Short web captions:
== Segment start ==
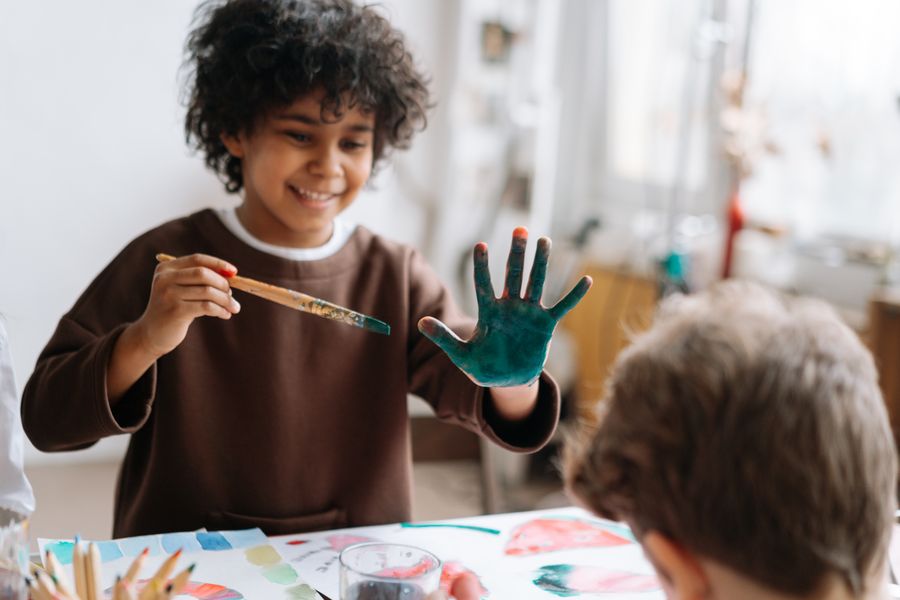 A smiling child painting with paint-covered hands in the art studio
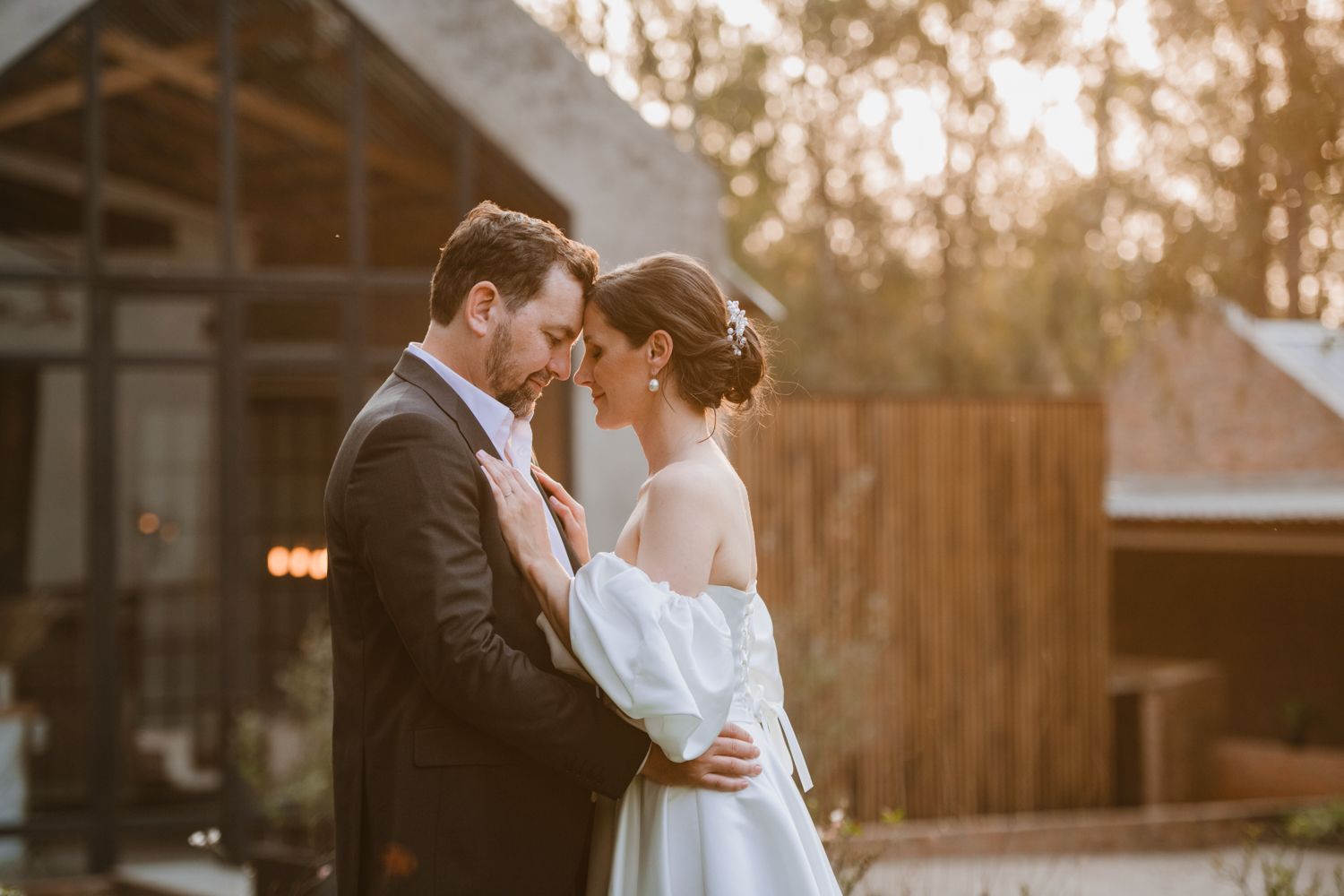 Golden hour wedding portrait of the couple in a garden setting.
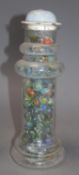 A Victorian glass vase, containing a collection of Victorian and later coloured marbles, height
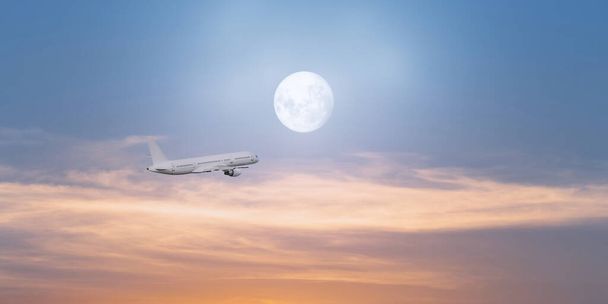 Avión de pasajeros volando al atardecer y luna llena brillando en el fondo. Concepto de turismo, transporte, viajes y carga - Foto, Imagen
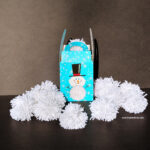 Blue snowman gift box surrounded by white yarn pom pom balls for an indoor snowball fight.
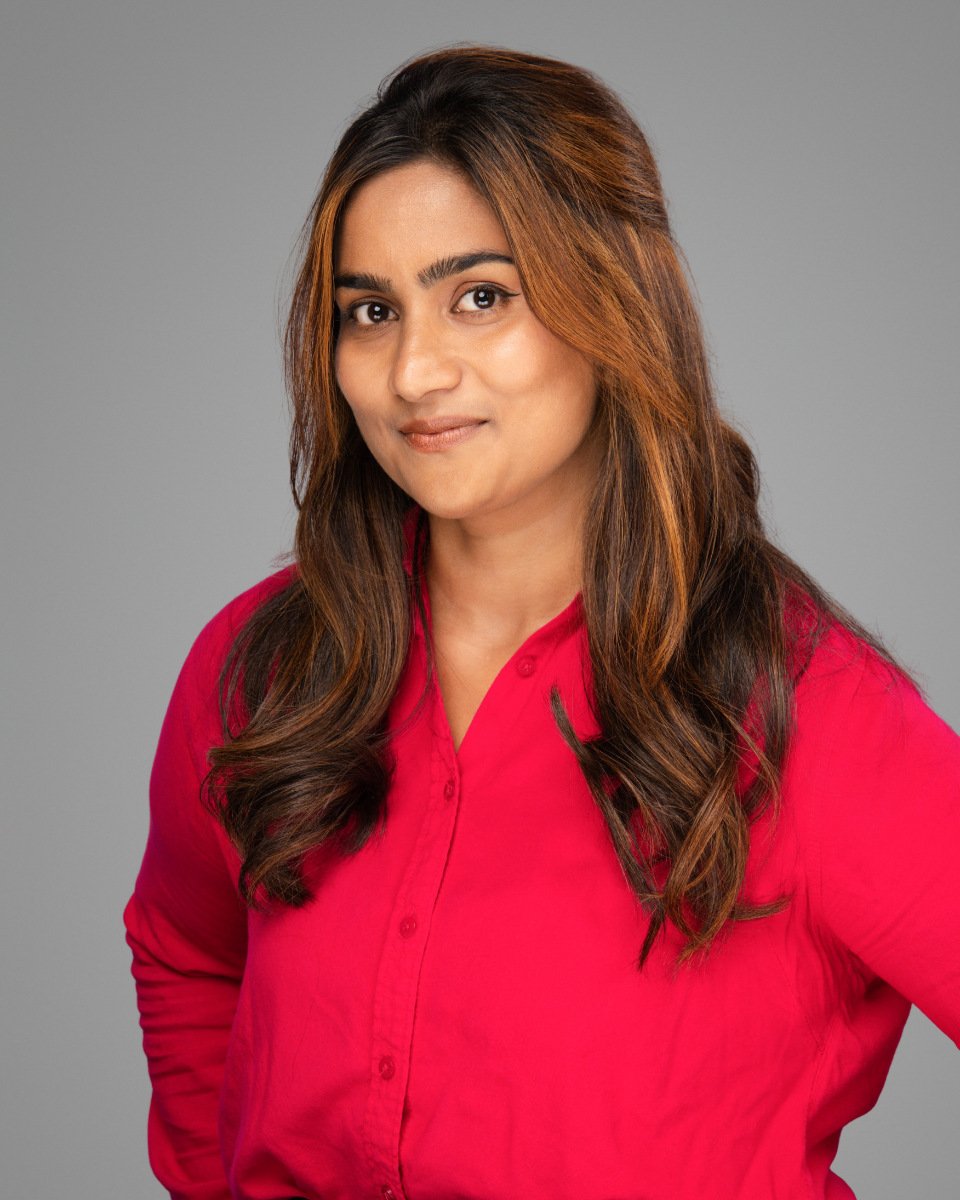 Conference headshot of a woman in a red shirt with long wavy hair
== Segment end ==
## The task
Reproduce the data word for word, excluding its pictures.

## Problem solution
 A smiling child painting with paint-covered hands in the art studio
 Golden hour wedding portrait of the couple in a garden setting.
 A Victorian glass vase, containing a collection of Victorian and later coloured marbles, height
 Avión de pasajeros volando al atardecer y luna llena brillando en el fondo. Concepto de turismo, transporte, viajes y carga - Foto, Imagen
 Blue snowman gift box surrounded by white yarn pom pom balls for an indoor snowball fight.
 Conference headshot of a woman in a red shirt with long wavy hair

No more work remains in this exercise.